The mission started with the original thirty-six episode Macross series. A storied and influential franchise that has spawned multiple iterations across the years, and what the prolific creator/director Shoji Kawamori is known for. At the time, this would have been the oldest anime series I had watched, with the exclusion of some older movies, such as the Mobile Suit Gundam trilogy.
This later continued with the absolutely beautiful theatrical alternate-retelling of the story, Do You Remember Love? as well as the plethora of OVA’s in the series timeline, such as Macross Plus, Macross Zero, and Macross II: Lovers Again. In the lead-up to the latest entry in the colossal Macross Franchise, Macross Delta, I’ll be sure to check out the relatively recent Macross Frontier series too.

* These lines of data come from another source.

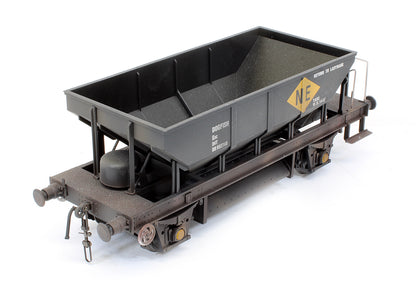 Pre-Owned BR ‘Dogfish’ Ballast Hopper BR Black DB992748 (NE markings) (Custom Weathered)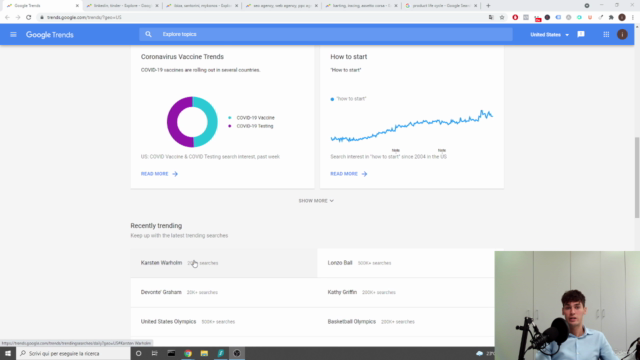 Google Trends Masterclass - #1 FREE Market Research Tool – Screenshot 4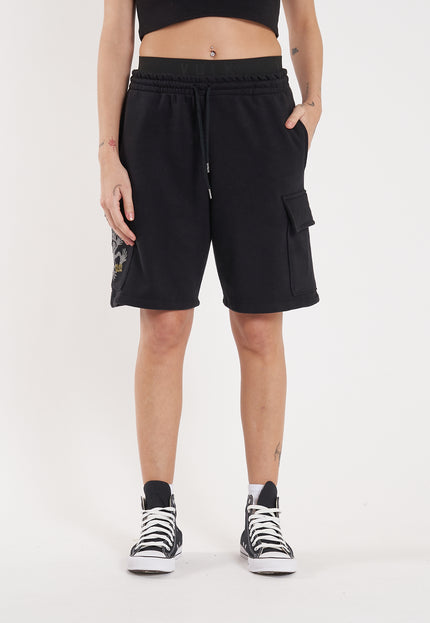 Bermuda Substance Cargo Black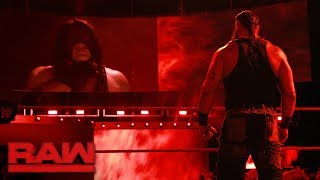 Braun Strowman dismantles Elias Raw Dec 4 2017 [upl. by Lemra]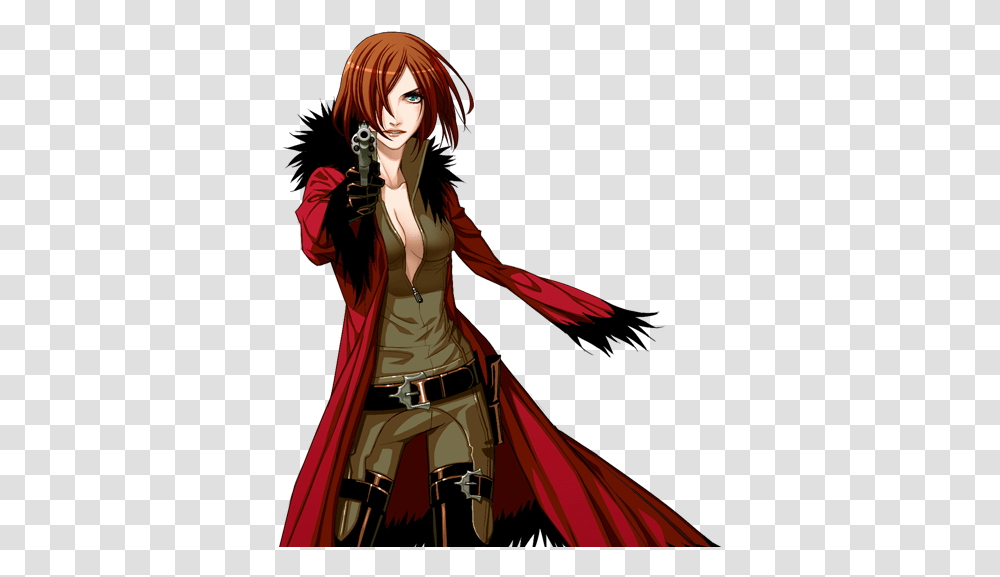 Togainu No Chi Female Characters, Person, Human, Apparel Transparent Png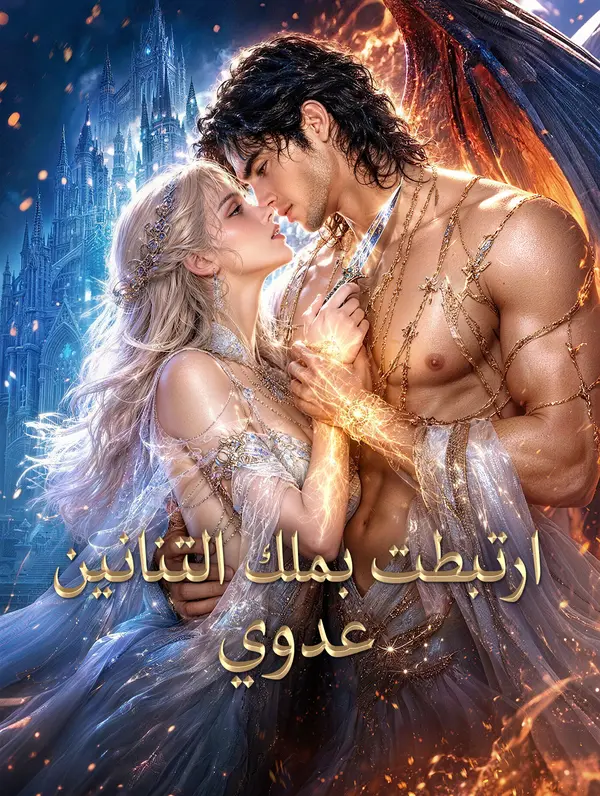 مشاهدة مسلسل ارتبطت بملك التنانين عدوي مترجم كامل جميع الحلقات HD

But it doesn’t just end with Macross, this was a distinct change in priorities for me, I found myself going ahead in checking out a bunch of movies and series I had just held in the back of my mind as “some day maybe”. The most notable of which was diving head-first into the world of Satoshi Kon.
I first began with one of the earlier works he was involved in, though not as a director, which was Magnetic Rose, one of three OVA’s under the title Memories. I found it quite an apt introduction into the mind of Kon, as not only did it contain the common motifs found in his later works, such as the plight of candid individuals like actors and singers, paranoia and how it can warped perspectives. In addition, it contains a psychologically oppressive overtone and a thick layer of tension, suspense and fear that would no doubt be put to full use in Kon’s theatrical debut, Perfect Blue.
Following a director through their career in a chronological order is very rewarding, and I continued through with his other films, from Millennium Actress to Tokyo Godfathers and finally, his last work, Paprika.
This set a trend throughout the year as I found myself watching titles completely outside my comfort zone, from the classic Japanese literature anthology of Aoi Bungaku, to the bombastically emotional, larger than life Giant Robo, to Gundam creator Tomino’s absolutely bonkers Evangelion precursor Densetsu Kyojin Ideon and right onwards to the biggest project of all, still ongoing, Legend of the Galactic Heroes.